▸ **MATERIAL SUPPLIED**:
====

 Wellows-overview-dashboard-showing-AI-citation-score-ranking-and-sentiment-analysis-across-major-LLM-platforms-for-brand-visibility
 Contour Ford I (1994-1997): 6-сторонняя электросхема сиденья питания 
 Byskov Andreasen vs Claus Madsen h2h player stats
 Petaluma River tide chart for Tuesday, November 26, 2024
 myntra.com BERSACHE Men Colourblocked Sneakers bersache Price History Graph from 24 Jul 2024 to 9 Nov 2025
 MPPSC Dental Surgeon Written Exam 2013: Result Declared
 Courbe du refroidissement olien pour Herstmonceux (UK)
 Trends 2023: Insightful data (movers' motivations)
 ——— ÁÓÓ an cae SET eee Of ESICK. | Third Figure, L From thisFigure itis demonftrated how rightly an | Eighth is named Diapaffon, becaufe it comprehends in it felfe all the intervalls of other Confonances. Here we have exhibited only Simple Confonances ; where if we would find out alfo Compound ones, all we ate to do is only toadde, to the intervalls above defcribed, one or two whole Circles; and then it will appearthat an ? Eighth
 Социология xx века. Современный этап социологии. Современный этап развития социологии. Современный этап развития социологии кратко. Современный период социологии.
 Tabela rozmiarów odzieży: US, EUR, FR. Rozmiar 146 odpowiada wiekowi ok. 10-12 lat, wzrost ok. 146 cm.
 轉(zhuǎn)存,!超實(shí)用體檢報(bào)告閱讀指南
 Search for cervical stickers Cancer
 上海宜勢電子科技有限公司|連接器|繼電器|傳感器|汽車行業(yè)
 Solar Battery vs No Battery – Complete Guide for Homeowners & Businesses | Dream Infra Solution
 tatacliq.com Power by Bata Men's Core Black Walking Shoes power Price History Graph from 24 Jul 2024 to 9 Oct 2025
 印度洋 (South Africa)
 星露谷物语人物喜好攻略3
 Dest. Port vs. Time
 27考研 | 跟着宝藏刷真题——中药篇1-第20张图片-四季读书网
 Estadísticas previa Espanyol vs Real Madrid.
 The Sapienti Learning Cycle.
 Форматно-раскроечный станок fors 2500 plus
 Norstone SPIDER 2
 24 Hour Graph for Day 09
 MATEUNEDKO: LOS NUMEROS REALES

====

▸ **AIM OF THE TASK**: Within the entries, find each line holding the string "Price". Reply with how many there are, as a number alone.

▸ **WRITTEN ANSWER**: 2